Putting down a deposit for a home purchase may be one of the best feelings for just about everyone. A home is an incredible asset for most people, which is why it has to be right. Quite often, buyers end up with properties they cannot afford and end up getting into financial trouble in the long run. Regardless of how beautiful and appropriate a home is, never buy it if it doesn’t fit your pocket.
Save for the Deposit
The size of the down payment usually dictates how much you will pay in interest. If you can afford to put down a considerable amount, then count on a favourable home loan. Usually, 20% is the amount that most sellers will ask for as deposit. If you can make that, then you won’t have to get private mortgage insurance, which means saving money. Have an idea of how much you want to spend on your home. This figure will give you a starting point when saving for your deposit. Aim to save at least 5-20% of the total.
Find the Right Lender
Home loan lenders are available all over, but only a few may suit your needs. The lender you choose will determine how well the home buying process turns out. Firstly, consider the different loan products available for selection. Understand the difference between one mortgage and the next one.For instance, a mortgage with a fixed interest rate may be preferable to you than a comparable interest rate. Never start looking at potential buys without getting pre-approval for a loan. The point here is that with pre-approval, you have an idea of the budget to work with.

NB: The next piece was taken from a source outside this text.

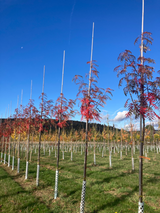 Sorbus 'Dodong' Eberesche 'Dodong'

Choose Monthly Payments you Can Afford
This mistake is one that most people fall into unknowingly. Defaulting on loan payments means foreclosure, leaving you without an asset and with bad credit. From the first step, look at the loan repayment options that a lender is offering. Is your income enough to sustain them? The good thing is that mortgage lenders conduct stress tests to see the ability of a borrower to make payments. Nonetheless, take the time to analyse your financial situation and see if buying a home is feasible.
Know All the Costs
Another common error in judgment that potential buyers make is to budget only for the price of the home. Buying a property in Dublin means incurring so many other costs. First, there is the cost of retaining an estate agent. Then you have to consider the solicitor who is crucial to the process, particularly when closing the deal. Then there are survey costs, paying for movers, furnishing (if you have to), and insurance. Depending on the condition of a home, especially in “as is” purchases, you may have to spend money on renovations. There is also the VAT tax, which is 12% in Ireland. You have to consider the stamp duty as well, and that can be between 1-2% of the market value. Don’t forget the fees that come with mortgage processing.